El concierto, que ya había sido rodado con éxito en el Festival Bachcelona, vivía en Hecho su estreno aragonés. El público oscense pudo comprender la dimensión del repertorio elegido. El relato oficial ha simplificado aquel episodio, convirtiéndolo en un triunfo inevitable para Bach. Sin embargo, Tarrida y su formación se encargaron de desmontar con elegancia este mito.
“Solemos asociar aquel episodio únicamente a Bach, pero este programa permite descubrir la extraordinaria calidad de otros compositores que aspiraban al mismo puesto”, explicó el director. “Escuchar estas arias una junto a otra nos ayuda a comprender la riqueza del panorama musical alemán de principios del siglo XVIII y a percibir afinidades y contrastes entre autores que hoy conocemos de manera desigual”.

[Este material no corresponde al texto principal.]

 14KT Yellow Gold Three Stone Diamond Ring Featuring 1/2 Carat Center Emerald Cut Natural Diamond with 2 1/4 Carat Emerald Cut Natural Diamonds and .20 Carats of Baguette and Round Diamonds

La velada puso rostro, música y sonido a la competencia. Bach es la cumbre, pero en aquel 1723 Telemann era la estrella, el músico más admirado. Por su parte, Graupner demostró tener una personalidad refinada, una voz fascinante que en los últimos años está siendo rescatada del olvido.
El concierto invitó a una atractiva escucha activa, libre de los prejuicios que otorgan a Bach la corona antes de que suene la primera nota. Había que hacerlo “con curiosidad y sin ideas preconcebidas. Más que intentar identificar quién es mejor, proponemos dejarse llevar por la música y disfrutar del privilegio de comparar distintas voces creativas enfrentadas a un mismo desafío”.
El inteligente estilo del Bachcelona Consort fue la clave: “Trabajamos desde los criterios de la interpretación históricamente informada, utilizando instrumentos de época y prestando mucha atención al discurso retórico del repertorio barroco, pero sin perder espontaneidad ni capacidad comunicativa”, subrayaba el director. Vivas y llenas de energía, sus interpretaciones lograron que el público de Hecho se sintiera parte de ese tribunal de 1723, “vibrando con la misma tensión con la que se evaluaba a los candidatos hace tres siglos”.
El Bachcelona Consort se encuentra en una etapa de plena consolidación, tejiendo colaboraciones con especialistas de alto nivel y proyectos que aúnan investigación y divulgación: “Nuestro objetivo es continuar creciendo sin perder nuestra identidad: el trabajo colectivo, la curiosidad y la pasión por compartir esta música”, confesó Tarrida.